Information Theory

Shannon’s mathematical framework for quantifying information, the limits of data compression, and the maximum rate of reliable communication over noisy channels. Published in 1948, it underpins compression (ZIP, MP3, H.264), error correction (WiFi, 5G, QR codes), cryptography, and even machine learning (cross-entropy loss).

Why It Matters

Information theory answers fundamental questions: How much can you compress a file? How fast can you send data over a noisy channel? When does a code provide enough error correction? These limits are absolute — no algorithm can beat them. Understanding entropy and channel capacity gives you the theoretical floor and ceiling for any data system.

Information and Surprise

The information content of an event is inversely related to its probability. Rare events carry more information:

I(x) = -log₂(P(x))   bits

P(x) = 1/2  →  I(x) = 1 bit    (coin flip)
P(x) = 1/8  →  I(x) = 3 bits   (picking one of 8 equally likely items)
P(x) = 1    →  I(x) = 0 bits   (certain event — no surprise)

Entropy

Entropy H(X) is the average information per symbol in a source — the expected surprise:

H(X) = -Σ P(x) · log₂(P(x))    bits per symbol
import numpy as np
 
def entropy(probs):
    """Shannon entropy in bits."""
    probs = np.array([p for p in probs if p > 0])
    return -np.sum(probs * np.log2(probs))
 
# Fair coin: H = 1 bit (maximum uncertainty for 2 outcomes)
print(entropy([0.5, 0.5]))      # 1.0
 
# Biased coin (90/10): H = 0.47 bits (more predictable)
print(entropy([0.9, 0.1]))      # 0.469
 
# Uniform over 256 symbols: H = 8 bits (like a random byte)
print(entropy([1/256] * 256))   # 8.0

Maximum entropy: uniform distribution (all outcomes equally likely). Minimum entropy: one certain outcome (zero bits). This is why random data is incompressible — it’s already at maximum entropy.

Encoding and Compression

Shannon’s source coding theorem: a source with entropy H bits/symbol cannot be compressed below H bits/symbol on average.
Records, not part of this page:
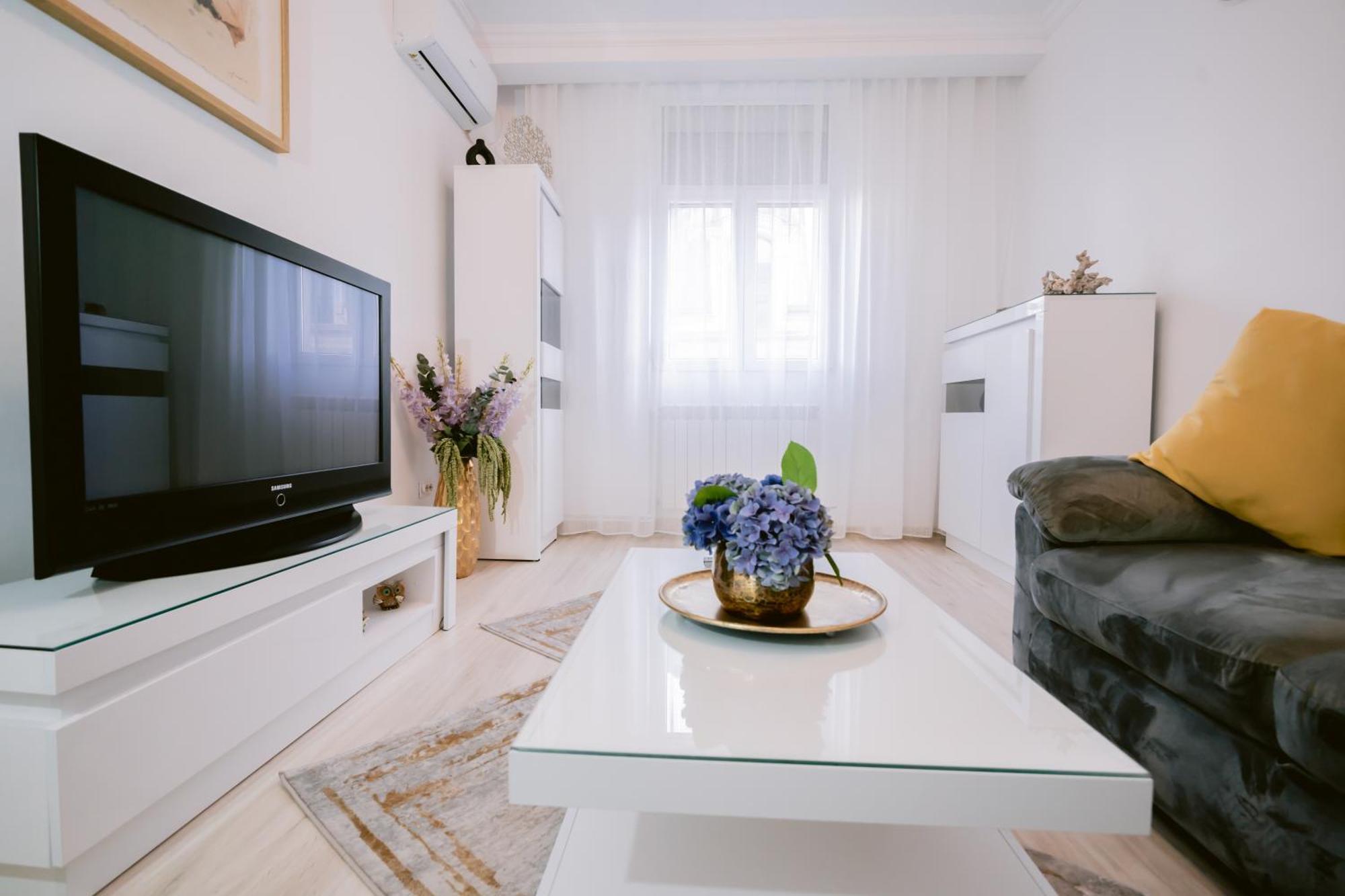 Appartamento Historic Bucharest Hideway Esterno foto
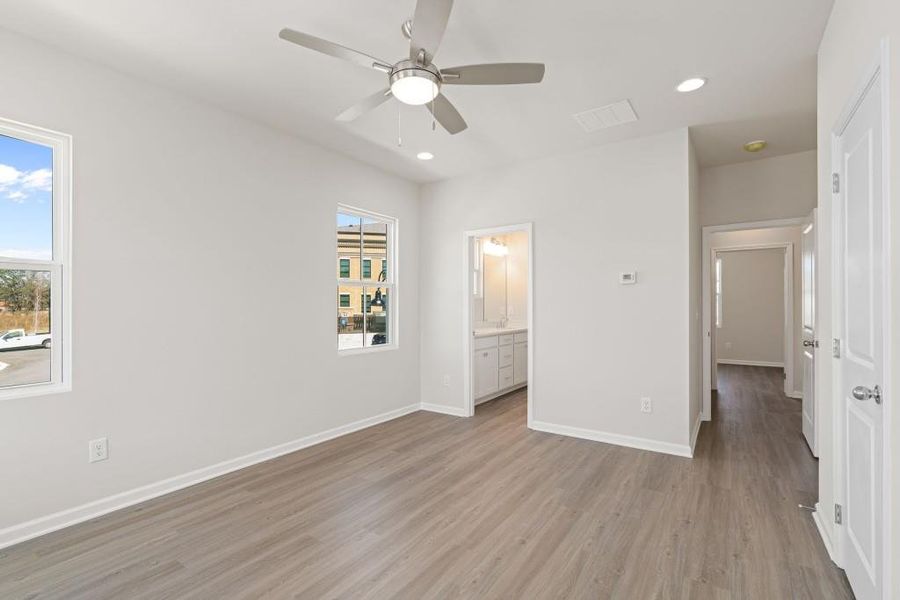 Spacious, unfurnished interior of a new home in Harmony, Auburn (Image 32).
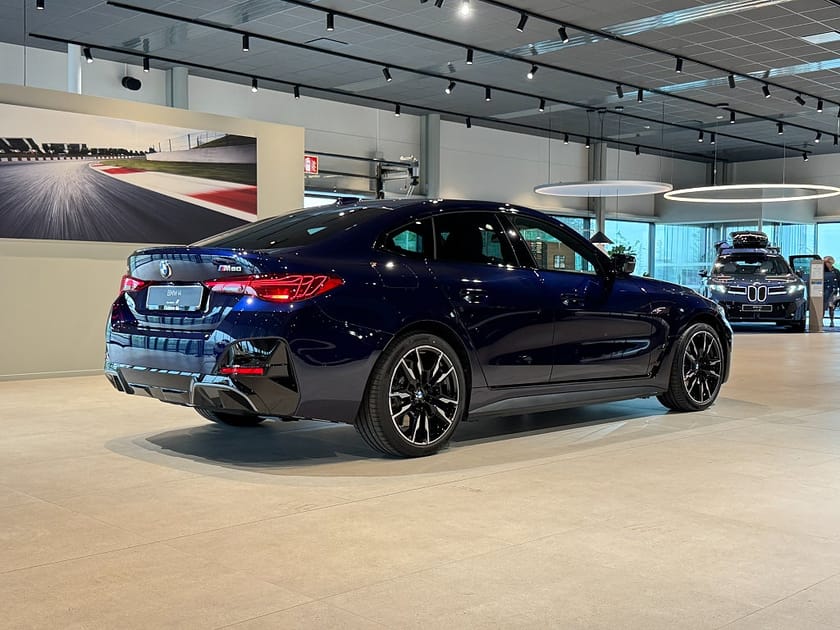 Bild 4 av BMW i4 M60 xDrive Gran Coupé H/K Elstolar Drag D/A Pro Rattvärme 601hk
Entropy is the compression limit.

Huffman Coding Example

Assign shorter codes to more probable symbols:

from collections import Counter
import heapq
 
def huffman(text):
    """Build Huffman codes for a string."""
    freq = Counter(text)
    heap = [[count, [char, ""]] for char, count in freq.items()]
    heapq.heapify(heap)
 
    while len(heap) > 1:
        lo = heapq.heappop(heap)
        hi = heapq.heappop(heap)
        for pair in lo[1:]: pair[1] = '0' + pair[1]
        for pair in hi[1:]: pair[1] = '1' + pair[1]
        heapq.heappush(heap, [lo[0] + hi[0]] + lo[1:] + hi[1:])
 
    return {char: code for char, code in heap[0][1:]}
 
text = "aaabbc"
codes = huffman(text)
print(codes)  # e.g., {'a': '0', 'b': '10', 'c': '11'}
 
# Compression ratio
original_bits = len(text) * 8  # ASCII
compressed_bits = sum(len(codes[c]) for c in text)
print(f"Original: {original_bits} bits, Compressed: {compressed_bits} bits")
print(f"Entropy: {entropy([3/6, 2/6, 1/6]):.2f} bits/symbol")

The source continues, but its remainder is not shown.